I recently interviewed at very hot container startup. I had 1 phone screen, 6 on-sites, and 2 follow up phone calls. I did well in the phone screen to be invited onsite. Apparently, I did great on the 6 interviews onsite and then they wanted to have a follow up phone call with a manager (30 mins). That was positive too. But, the last phone call was set up with the SVP who determined that I was not a good "culture fit" after 30 mins on the phone. This in spite of me having had wonderful technical conversations and interviews (including coding) - which I apparently rocked- with 6 engineers and 2 managers, and having very highly relevant experience working in the cloud (orchestration and networking). The SVP just swooped in and decided I was not a good fit.

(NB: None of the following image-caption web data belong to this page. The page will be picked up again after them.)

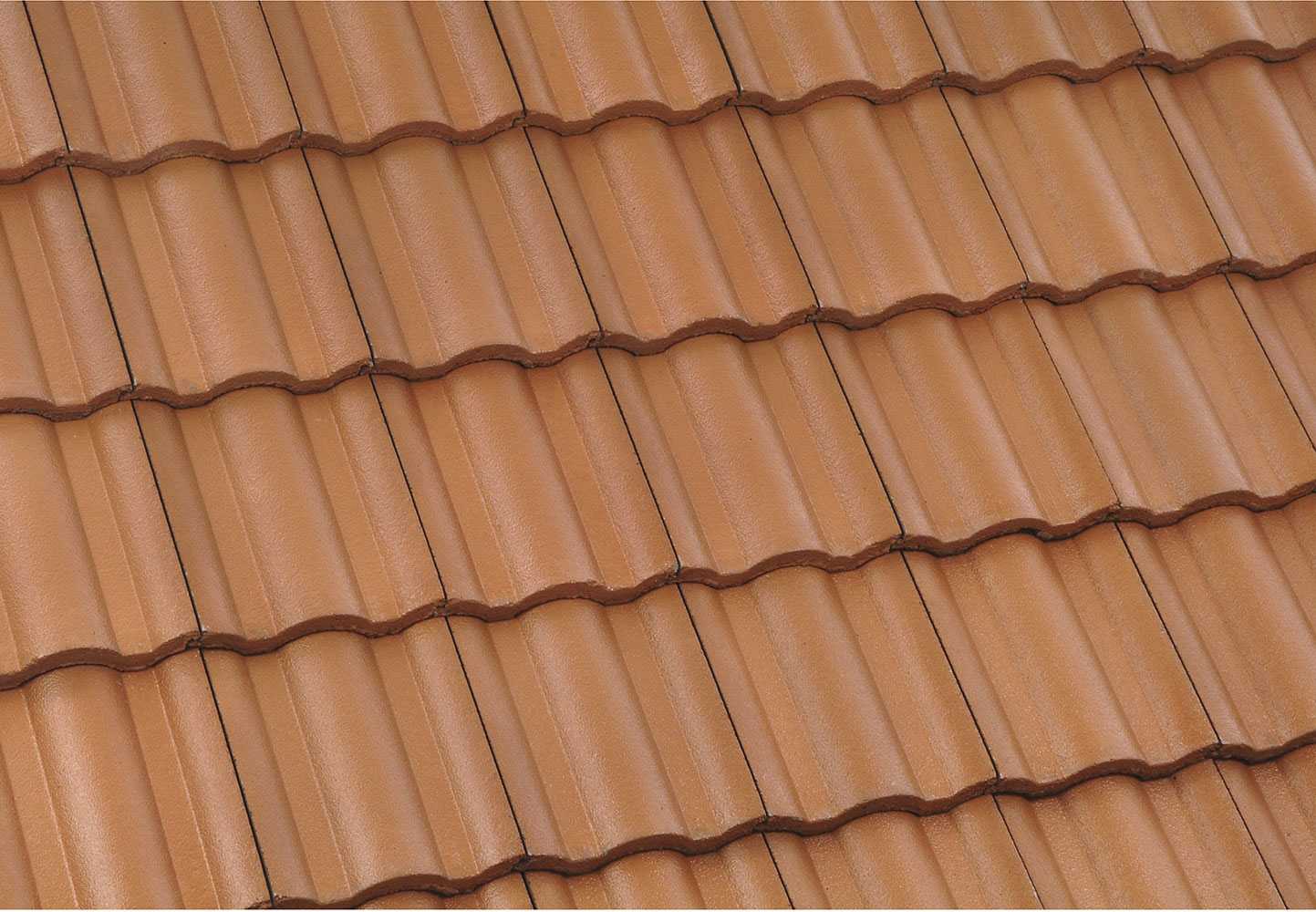 Pelican Roofs SoCal Images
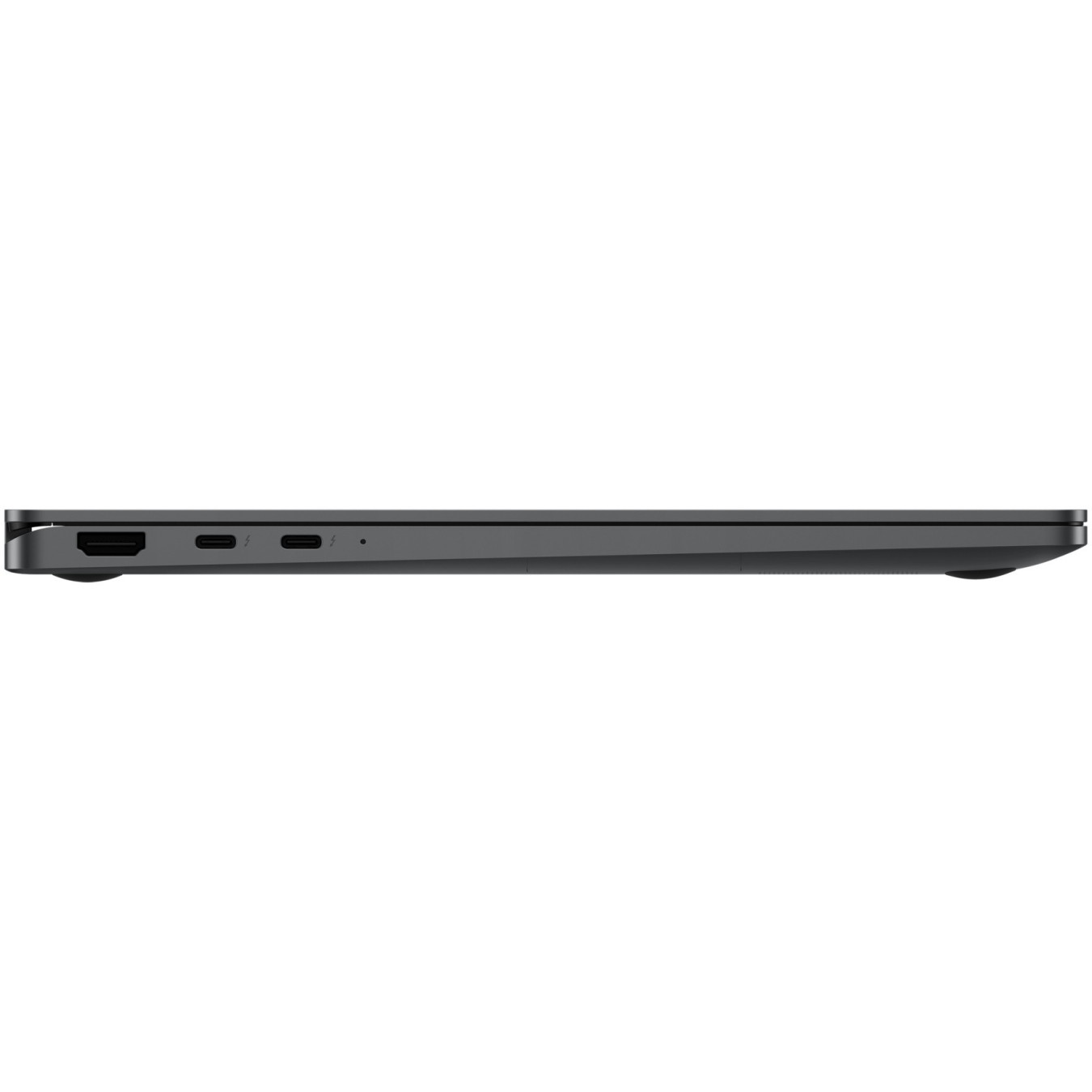 Samsung Galaxy Book5 360 - 226V (Intel Core Ultra 5) - Grey, 16GB LPDDR5x, 512GB SSD, 15.6" FHD, Windows 11 Pro
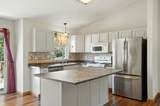 1810 Aggie Court - Photo 13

I simply don't get interviews these days. Sigh! On to a better company.
> I recently interviewed at very hot container startup. I had 1 phone screen, 6 on-sites, and 2 follow up phone calls.
Seems to me like you dodged a bullet.
> But, the last phone call was set up with the SVP who determined that I was not a good "culture fit" after 30 mins on the phone.

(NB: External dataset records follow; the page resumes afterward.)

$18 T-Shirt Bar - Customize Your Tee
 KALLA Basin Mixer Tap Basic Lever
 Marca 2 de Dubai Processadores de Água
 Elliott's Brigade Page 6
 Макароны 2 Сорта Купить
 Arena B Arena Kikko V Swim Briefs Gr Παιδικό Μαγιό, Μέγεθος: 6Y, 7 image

Why is an SVP spending 30 minutes on the phone with candidates that have already done eight interviews with the troops on the ground? You definitely dodged a bullet.
I don't understand the point of multiple (or very long) interviews. If they can't decide after the first 30 minutes if the candidate is hirarable, they probably won't.
It's an illusion to think that interview environments relate directly to workplace performance. Interviews are mostly useful for the subjective parts than for grilling candidates in hopes of avoiding a bad hire. Going through all the hoops and knowing all the things doesn't make for a good employee. Not unless you're being hired as a robot worked in some factory floor.
Also, unlike what seems to be the general idea elsewhere on this thread, soft skills are very important, I argue even more important than hard skills. If you have any ability to learn (which may be considered a soft skill) you can pick up almost any technology and implement almost any algorithm. Not so if you lack the ability to relate to you coworkers, work effectively as a team, or clearly communicate your ideas.
You can learn tools, but you either have the right attitude or you don't.
I agree. You cannot fake good nature and attitude during all day interviews. At least, I cannot. Soft skills and communication are really important in any team environment.
But, how would one go about determining whether someone is a quick learner? That beats me.
You don't determine it directly. But quick learning comes with other traits, like curiosity. You can determine those during a conversation if you're a good interviewer (which is the catch, interviewing is also a skill).
Sometimes you'll fail. But I've yet to see convincing proof that the alternative reduces failures (but it does reduce the willingness of people to admit failure).
Maybe you legitimately weren't a good fit? I'm not being facetious, but "the SVP was an idiot and made a terrible call despite all the evidence" is possible but not the most likely scenario.
Maybe someone with exactly your skillset and experience was hired, hated it, and quit after 6 months. Maybe one of the other people you interviewed with mentioned an offhand comment you made and it soured the SVP's expectation. Maybe they just got served divorce papers and were shitting on everyone that day?
It's so random that I don't even try to second-guess or deconstruct the non-technical side anymore. It happens or it doesn't.
Very possible. From the recruiter's rejection email, it seemed that the decision was really close. And you're right. Cannot really speculate about this.
I simply don't get interviews these days. Sigh! On to a better company.